• _Given data_:
BEGIN
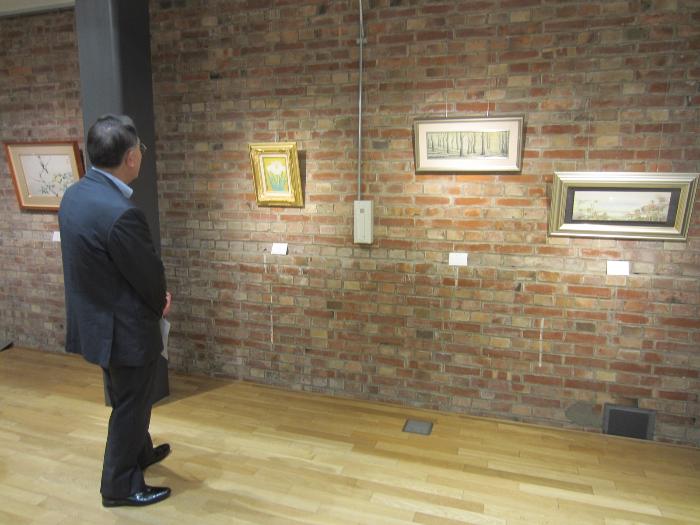 伊勢崎市収蔵美術展視察の様子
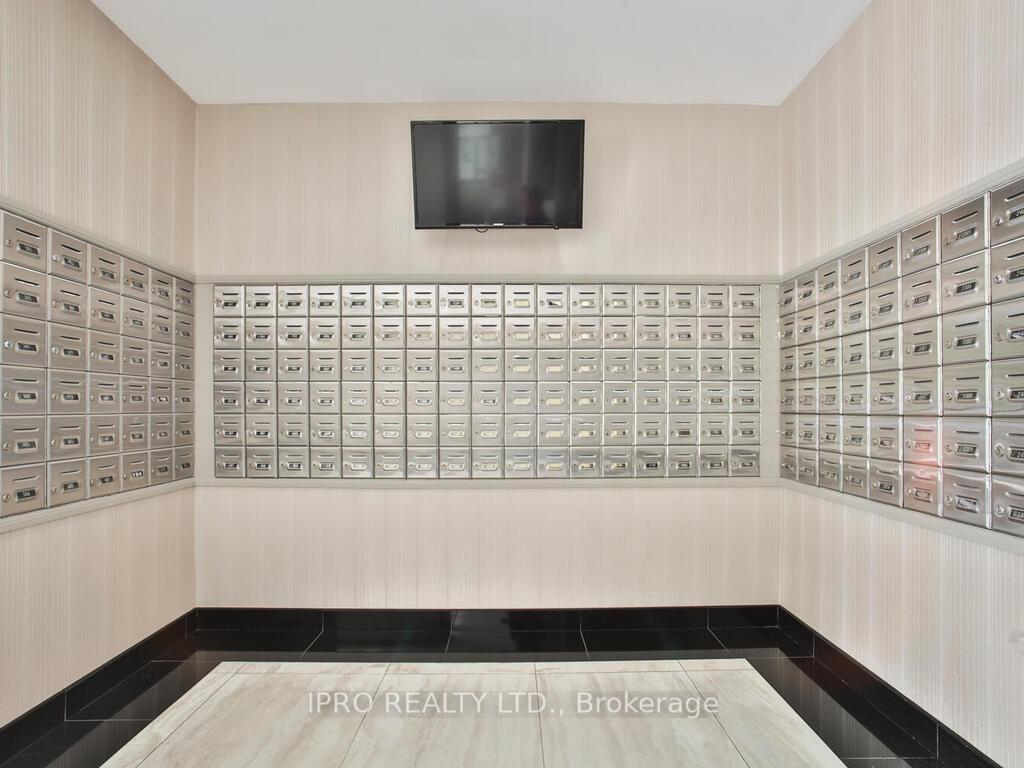 3 Bedrooms Condo at 330 Rathburn, Mississauga For sale
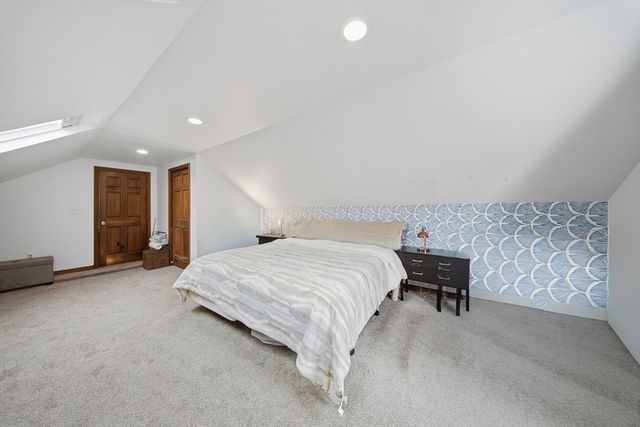 3 Oxyoke Dr, Methuen, MA 01844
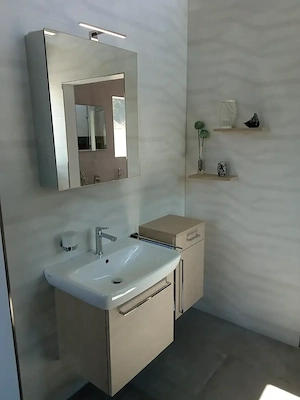 Waschtischanlage mit WC 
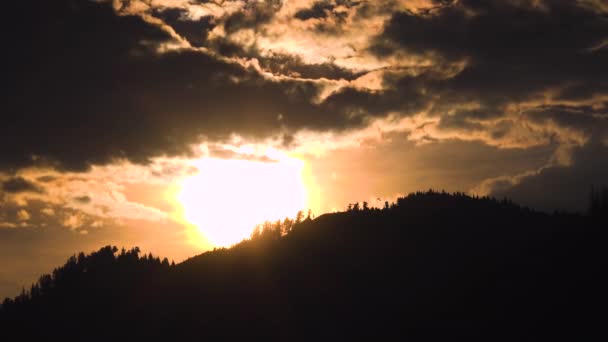 Sunset Timelapse, Dramatik Günbatımı Manzarası, Dağlarda Gün Doğumu Doğumu Doğaya Bakış — Stok video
END
• _Required work_:
Exactly the lines from the one holding "3 Oxyoke Dr, Methuen, MA 01844" to the last line of the records above should be duplicated, with no pictures among them.

• _Response area_:
 3 Oxyoke Dr, Methuen, MA 01844
 Waschtischanlage mit WC 
 Sunset Timelapse, Dramatik Günbatımı Manzarası, Dağlarda Gün Doğumu Doğumu Doğaya Bakış — Stok video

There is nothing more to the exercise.